(Sharecast News) – Markets in Asia finished mixed on Wednesday, with investors in Australia suffering another dire day, as sentiment continued to be crushed by the ongoing, and spreading, Covid-19 coronavirus pandemic.
In Japan, the Nikkei 225 closed down 1.68% at 16,726.55, as the safe-haven yen strengthened 0.23% against the dollar to last trade at JPY 107.45.
It was another red day for the benchmark’s major components, with automation specialist Fanuc down 5.6%, Uniqlo owner Fast Retailing falling 6.58%, and technology conglomerate SoftBank Group sliding 10.9%.
The broader Topix index managed gains of 0.19% by the end of trading in Tokyo, to close at 1,270.84.
In fresh data out of the country, exports from Japan were down 1% year-on-year in January, according to the Ministry of Finance’s provisional numbers.
That was still better than the 4.3% fall anticipated by economists polled by Reuters.
On the mainland, the Shanghai Composite was down 1.83% at 2,728.76, and the smaller, technology-heavy Shenzhen Composite was 1.55% weaker at 1,678.25.

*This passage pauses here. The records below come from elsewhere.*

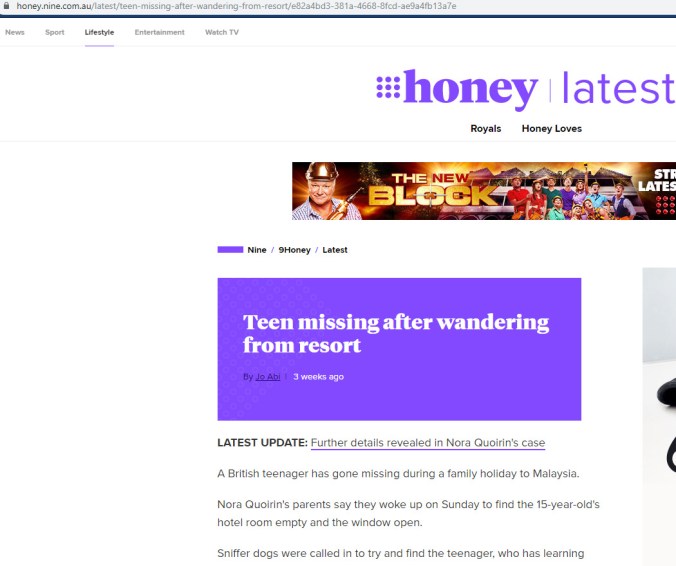 Fullscreen capture 20190824 042031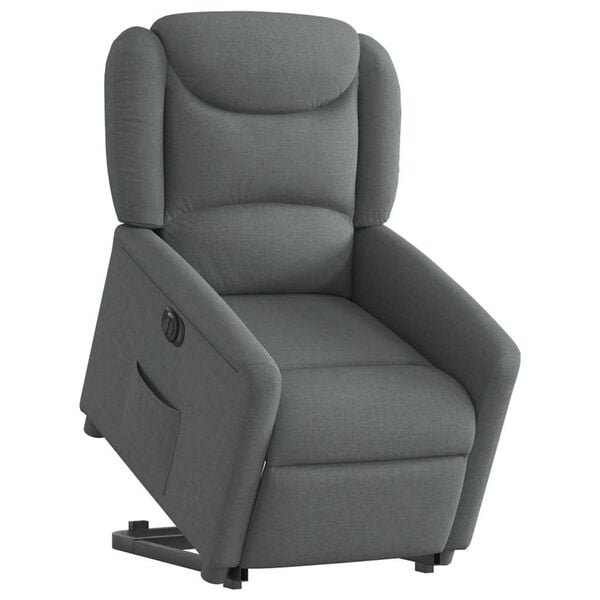 Showing Product Image 3 of 16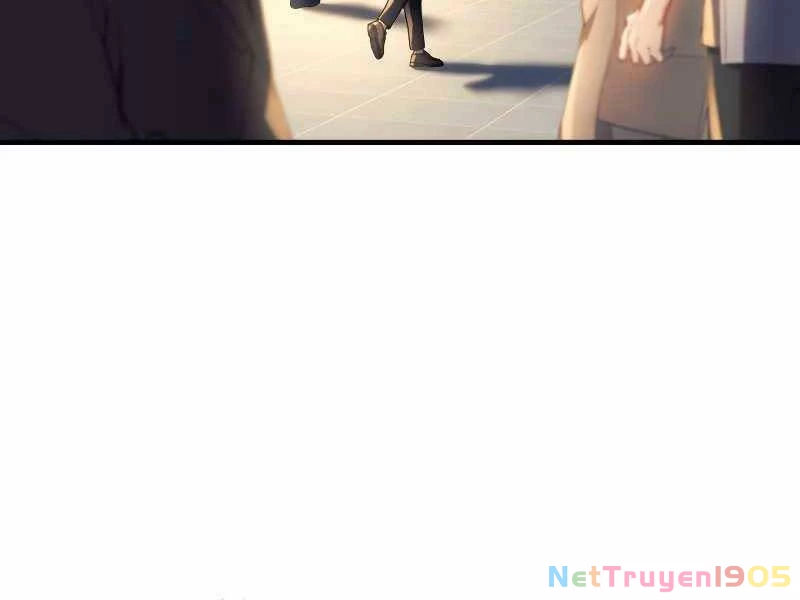 Con Gái Tôi Là Trùm Cuối Chapter 30 - 110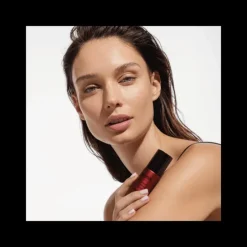 AhavaApple of Sodom                Sérum Lissant Correction Rides Profondes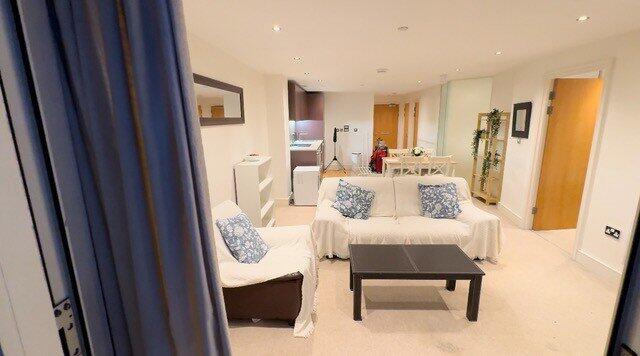Main image of property: Huntingdon Street, Nottingham, Nottinghamshire, NG1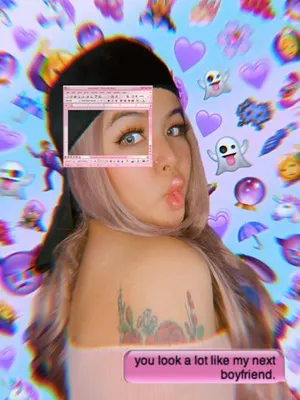 ammy666 OnlyFans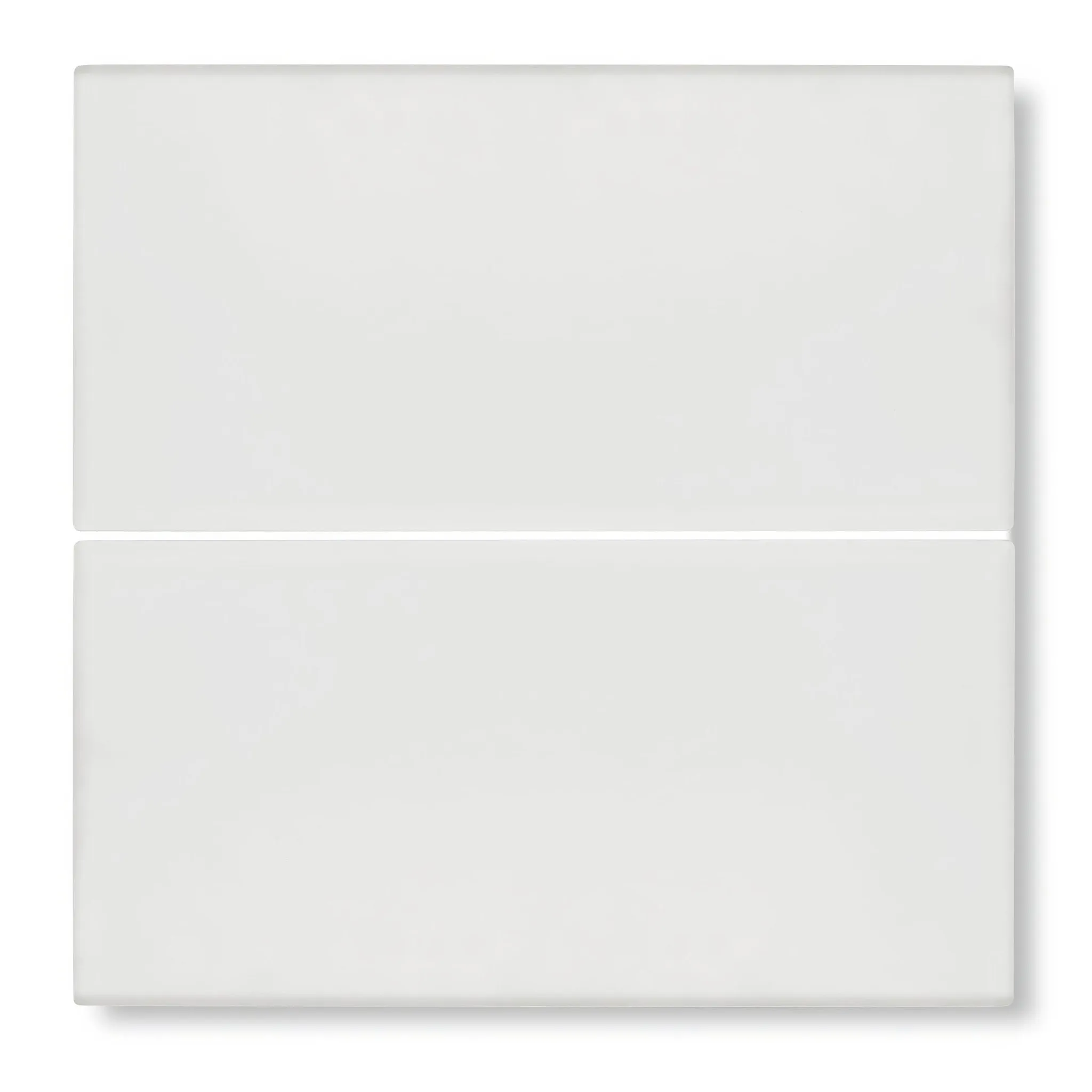 Aurora Levi Brick Tile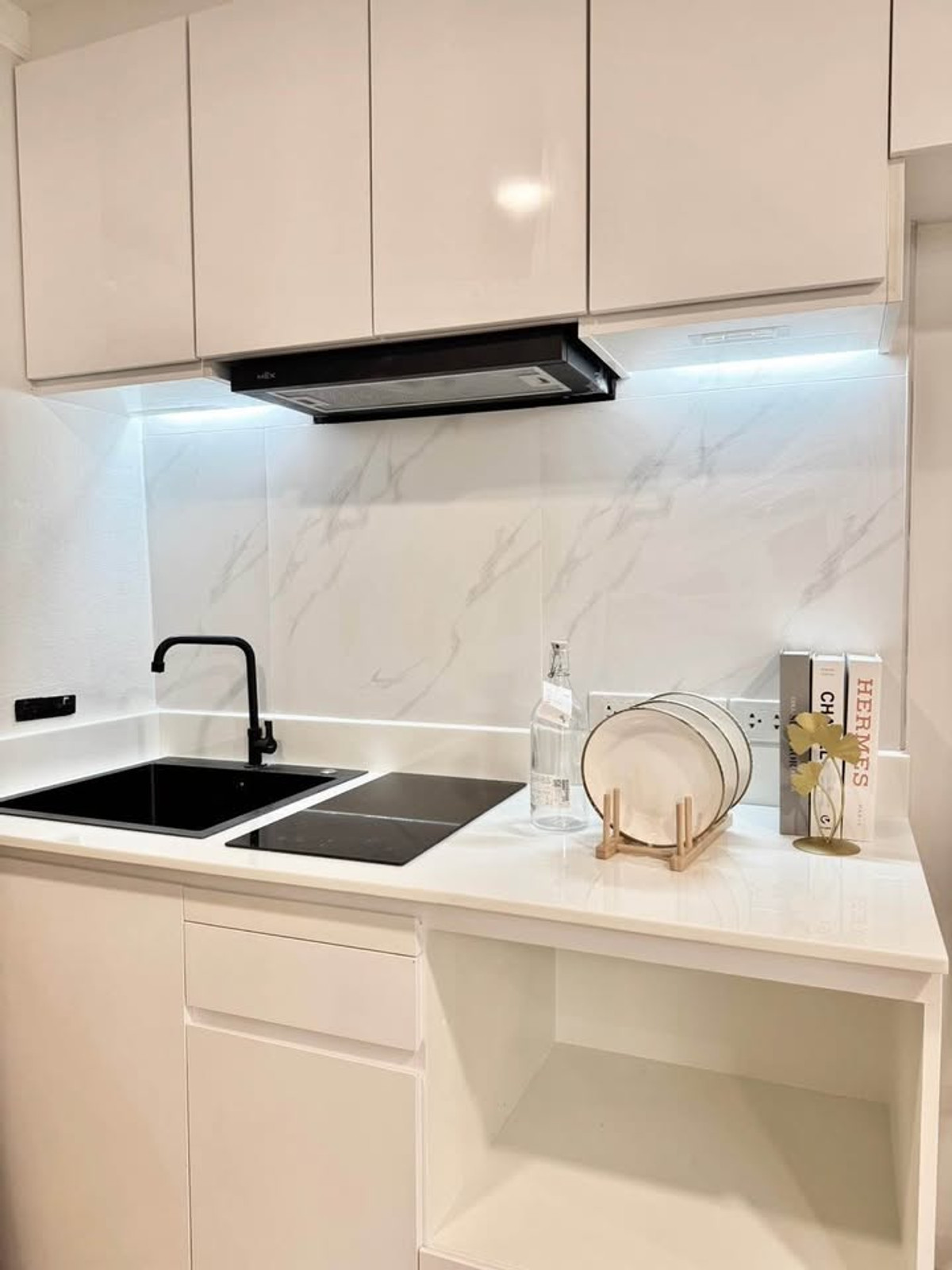 For SaleCondoSukhumvit, Asoke, Thonglor : Condo for sale Supalai Place Condominium Sukhumvit 39 price 4,290,000 baht [FLs251111]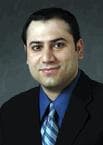 Dr. Sharam Samson Yashar, MD - Signal Hill, CA - Dermatology
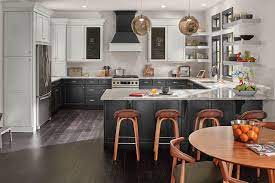X 24 in.) the 60 in. Kraftmaid Kitchen Cabinets Kraftmaid Long Island New York Designers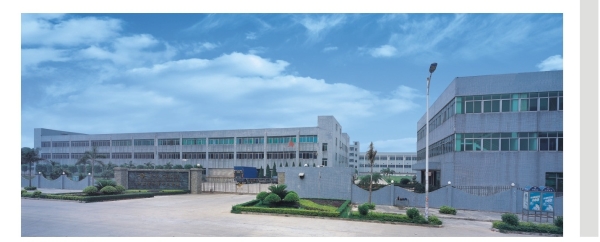 东莞伸东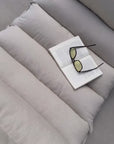 OHRA outdoor Kissen | hülse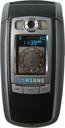 Samsung E720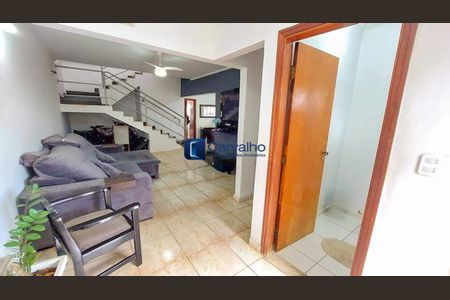 9_photo/94c8c12b7d.2f15d505e37c7ac5-ATLAS-34eea5d9-ff73-46b0-8941-b1c7f8a7c2f3.jpg de casa à venda com 4 quartos, 210m² em Jardim America, Campinas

South Korea’s Kospi slid 4.86% to 1,591.20, while the Hang Seng Index in Hong Kong lost 4.18% to settle at 22,291.82.
Both of the blue-chip technology stocks were under the cosh in Seoul, with Samsung Electronics down 3.59%, and chipmaker SK Hynix sliding 9.08%.
Fiscal stimulus was again the name of the game on Wednesday, with investors in the region waking up to the news that the White House was mulling a package worth between $850bn and $1trn, which could feature payments directly to Americans.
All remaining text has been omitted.